NAME

Thesaurus::Overview -- An overview of the Thesaurus mechanism.


DESCRIPTION

This document specifies a standard for distributed thesaurus communication using HTTPD as an access protocol and RDF as the document format.

The basic premises for this distributed thesaurus interaction are:

Each Thesaurus is a unique URL

eg.

 http://ceres.ca.gov/cgi-bin/thesauri/CERES

This allows an unambiguous definition of the distributed thesaurus. It also allows for an interested user to know where to go to get more information regarding this thesaurus.

The thesaurus URL is used to deliver information about the thesaurus to the client, to accept queries to the thesaurus, and to return information about specific terms in the thesaurus.

Each Thesaurus Term is a unique URL

The format of the URL is:

  thesaurus_url?term_identifier

eg.

 http://ceres.ca.gov/cgi-bin/thesauri/CERES?Ecosystems

This allows the user the know exactly what thesaurus is being used, and where to go for more information about the thesaurus and the specific term.

Clients query servers though httpd requests

The client queries the server by sending httpd requests to the thesaurus server. See Thesaurus for a description of the httpd command queries.

Servers respond to clients with RDF responses

The server responds with an html document that contains a section of RDF which the client can parse to retrieve information about terms in the thesaurus. See Thesaurus for a description of the RDF format of response to these queries. The server should also respond with some html, that the client might also use.


Overview

There are a number of standard vocabularies that have relationships that are consistent with the z39.19 standard for thesauri. Some, like the database of thematic keywords being developed at CERES are specially designed to this standard. Some, like the ITIS database, are designed for other purposes, but still conform to all or part of this standard.

The purpose in defining a standard is to allow for a thesaurus client to interact with a number of available on-line thesauri in a consistent manner. This can allow applications that depend on controlled vocabulary access to multiple thesauri without designing an interface to each one.

The communication between the clients and the thesaurus server is simple enough that a protocol based on HTTPD and RDF/XML is sufficient. This standard defines several URLS that act as queries to the server. The HTTPD process on the server receives these queries, translates them to some internal and unspecified action to perform the query, and then formats the result into and RDF/XML document and passes that back to the client. The client application parses the RDF/XML to use for it's own purposes.

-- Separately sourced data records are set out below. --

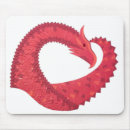 Search for white dragon mouse mats Red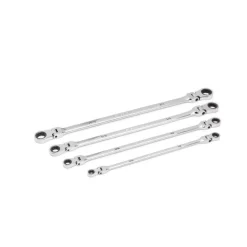 Gearwrench 4 Piece 90-Tooth 12 Point SAE GearBox Double Flex Ratcheting Wrench Set 86831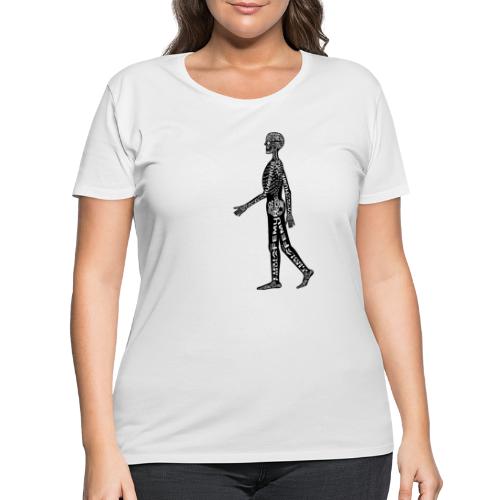 Skeleton Human - Women's Curvy T-Shirt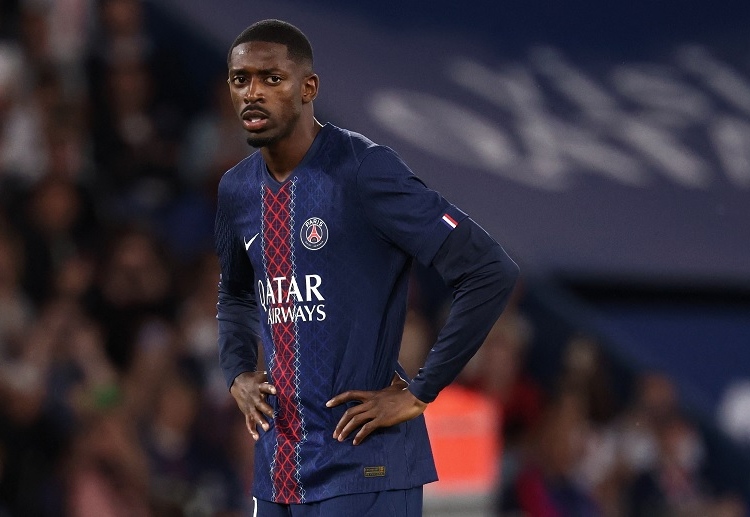 法甲联赛 巴黎球星登贝莱期待在新赛季法甲中打破进球荒。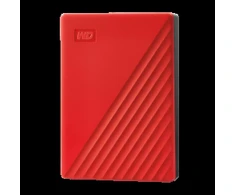 Išorinis kietasis diskas HDD Western Digital My Passport (6TB, USB 3.2) Raudona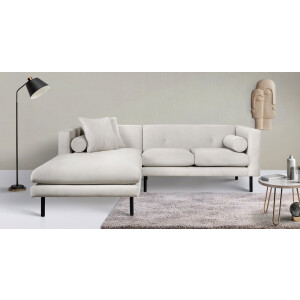 Guido Maria Kretschmer Home&Living Hoekbank Lillibeth L-vorm designbank, afmetingen B/D/H: 240/173/83 cm Sierkussen als tweezijdig te gebruiken kussen, in fluwelige look of cord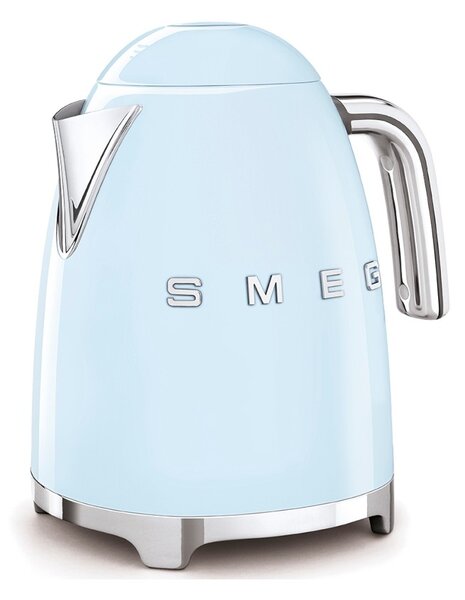 Smeg KLF03PBEU Azzurro Lucido 50's Style Bollitore 1,7 litri 7 Tazze Soft Opening AutoOFF 100°C
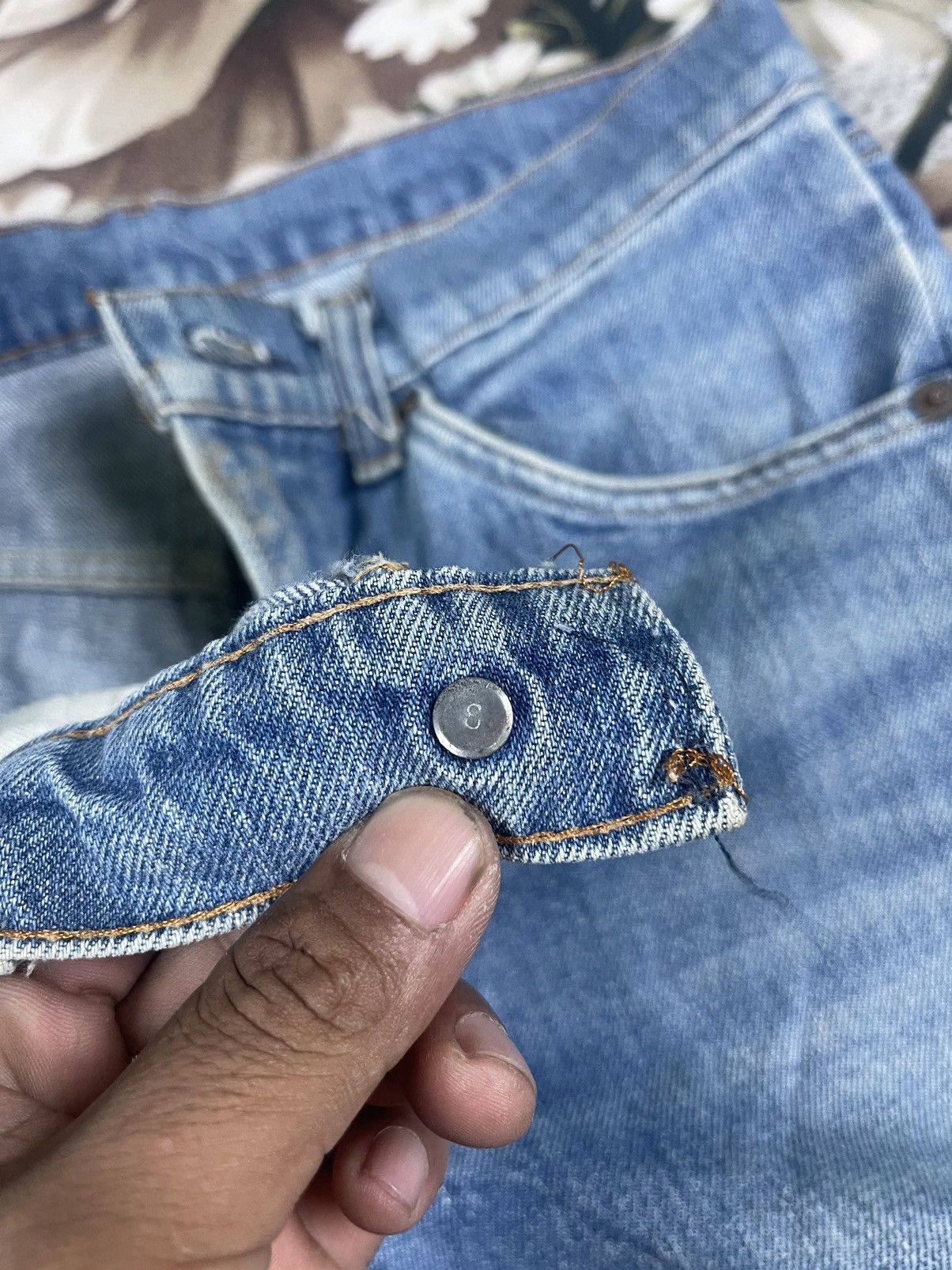 Levi's × Vintage Rare!Vintage Levi’s Orange Tab Button No.8 Size US 31 - 8 Thumbnail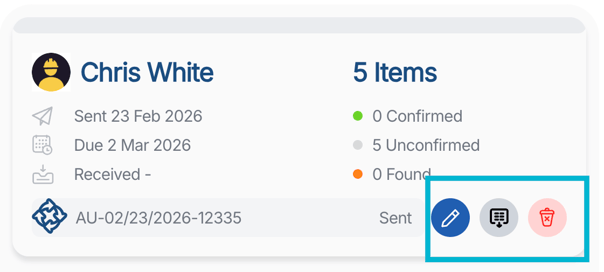 Audits-View Delete Export
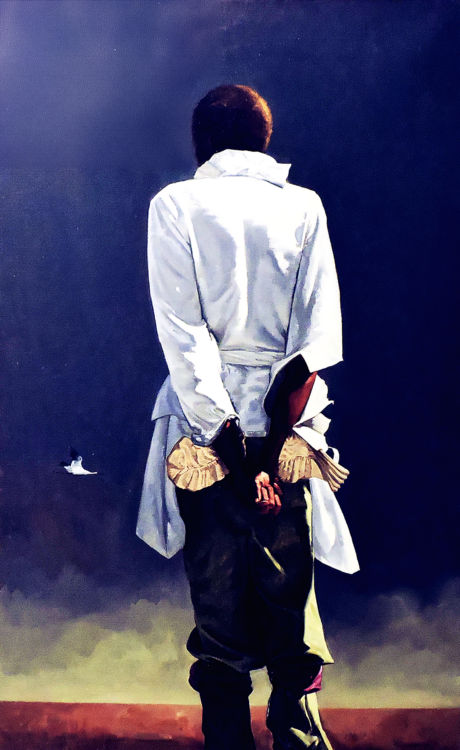 The Last Crane oil on canvas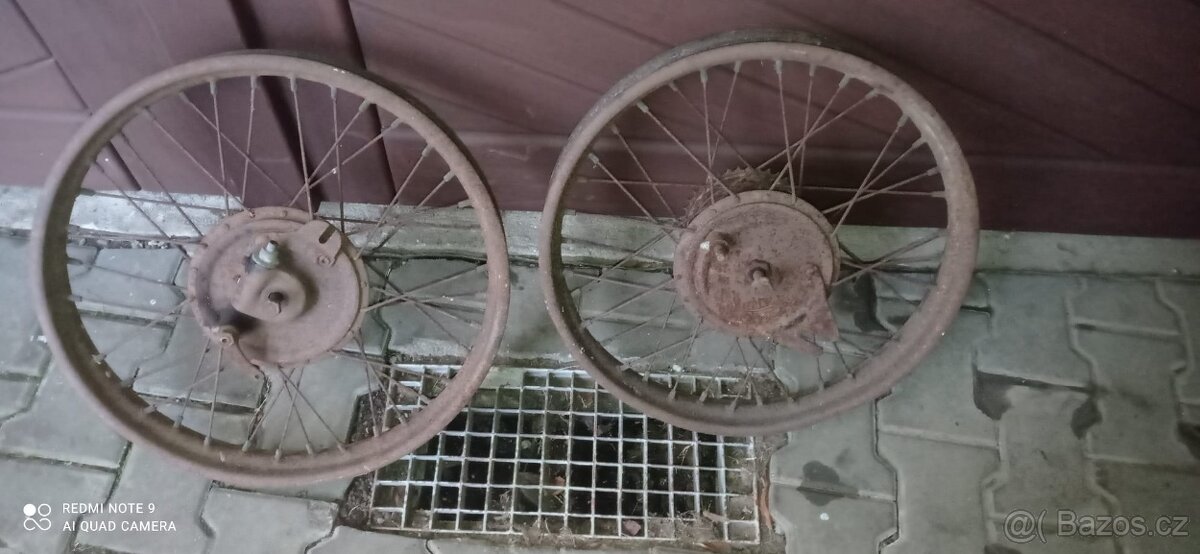 Zundapp DBK 250,350 rámy,díly - 5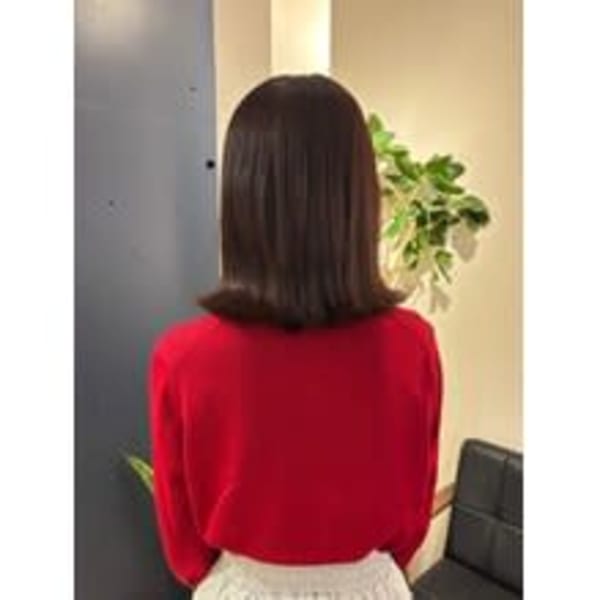 お客様スタイル　竹林【イルミナカラー/縮毛矯正/髪質改善】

       -------------------             ---------------
      | Thesaurus Browser |           | Other Clients |
       -------------------             ---------------
                |                             |
                |     URLS >>                 |
                 --<< RDF/XML ----------------
                               ||
                               ||
                         -------------
                        |    HTTPD    |
                        |   Server    |
                         -------------
                               |
              ------------------------------------
             |                 |                  |
       -------------    --------------   --------------------
      | ITIS Driver |  | mysql Driver | | Additional Drivers |
       -------------    --------------   --------------------
             |                |
       -------------    --------------
      |   ITIS DB   |  |   mysql DB   |
       -------------    --------------


Terminology

All terminology unless specifically noted in this section carries the same meaning as described in NISO39.19. Readers are encouraged to that document for a more complete Glossary of Terms.

Category

A grouping of descriptors that are semantically or statistically associated, but which do not constitute a strict hierarchy base on genus-species or part-whole relationships.

Descriptor

A type of heading that is a term chosen as the preferred expression of a concept in the thesaurus.

EntryTerm

The non-preferred term in a cross reference that leads to a descriptor in a thesaurus.

Term

One or more words that designate a concept within a thesaurus.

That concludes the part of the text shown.